三角型のパックは正式には「テトラ・クラシック」といいます。『テトラパック』というスウェーデンの企業が1952年に開発したもので、シンプルな形状で製造がしやすく、必要とする材料をムダなく利用できるので世界中で使われるようになりました。低コストで製造できることから、飲料だけでなくお菓子のパッケージなどさまざまな商品で今もよく使われているデザインです。
日本乳業協会に取材したところ、日本には1956年に紹介され、すぐに協同乳業が製造を開始しました。しかし、当時はまだ冷蔵庫が普及しておらず導入が早すぎたそうです。その後、1964年の東京オリンピックの選手村で提供され、1966年に鳥取県で給食に導入されました。そこから全国に広がったそうです。またスーパーマーケットの登場も紙容器の普及につながったといいます。
しかし、三角パックの牛乳はその特殊な形状から積み上げることが難しく、また搬送するのに六角形の専用ケースが必要になるなど、輸送効率の悪さが大きなネックでした。そのため1980年ごろに現在多く見掛けるブリックタイプ(四角い形状)の牛乳が広く使われるようになり、三角パックの牛乳は給食から姿を消しました。
給食で使われなくなってからもテトラ・クラシックの飲料は製造され続けてきましたが、2004年ごろに完全に製造中止となりました。その理由は、機械のメンテナンスが不可能になったことです。実は1999年にメーカーが機械の製造を終了しており、これ以上部品の供給や機械のメンテナンスが続けられないということで、最後まで生産していた3社が同時に中止したのだそうです。
国内では2004年に製造中止となった三角パックの飲料ですが、2014年に一度アルミ入りの常温保存ができる新容器として復刻したものの現在は市場に出ていません。ただ、「ポリエチレン製」の三角パックの牛乳なら、北海道の株式会社べつかい乳業興社と北海道酪農公社の2社が製造しています。現地での購入やお取り寄せのほか、デパートやスーパーの北海道フェアなどでも手に入ります。コンビニで売っていることもあるので、懐かしい三角の牛乳を試したい人にはお薦めです。

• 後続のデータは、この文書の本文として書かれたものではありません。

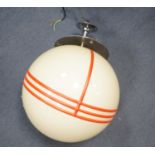 An Art Deco style chrome and cream globular shaded ceiling light with orange trailed decoration,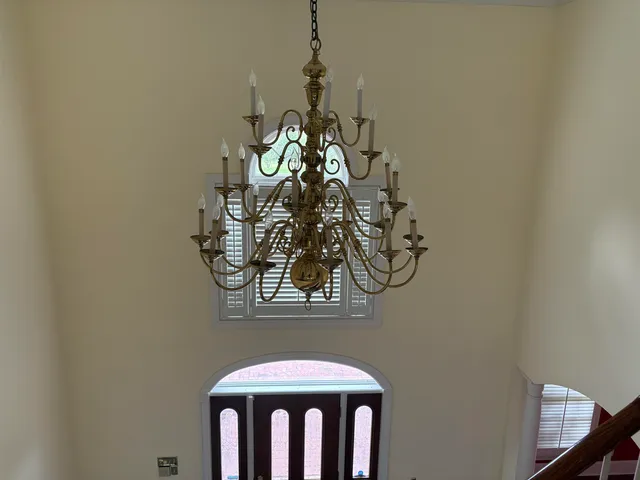 a view of an empty room with wooden floor and a fireplace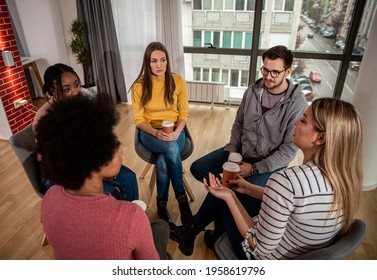 Diverse Group Of People Sitting In Circle In Group Therapy Session.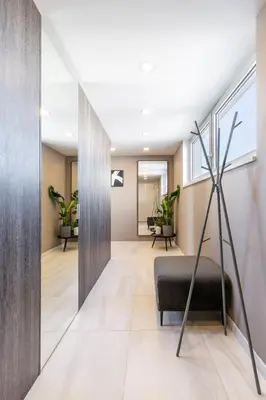 a living room with a black couch in the middle at TurnKey I Central Apartment with Terrace in Prague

生産効率の良さから爆発的に広まるも、運送効率の悪さがネックとなって廃れてしまったテトラパックの牛乳。その歴史をたどると、給食で使われたのはわずか10年ちょっとと、あまり長くありませんでした。それでも、多くの人の記憶に残っているのはすごいことですよね。上述のように、ポリエチレン製の三角パックの牛乳なら今でも手に入るので、興味がある人は試してみるといいですね。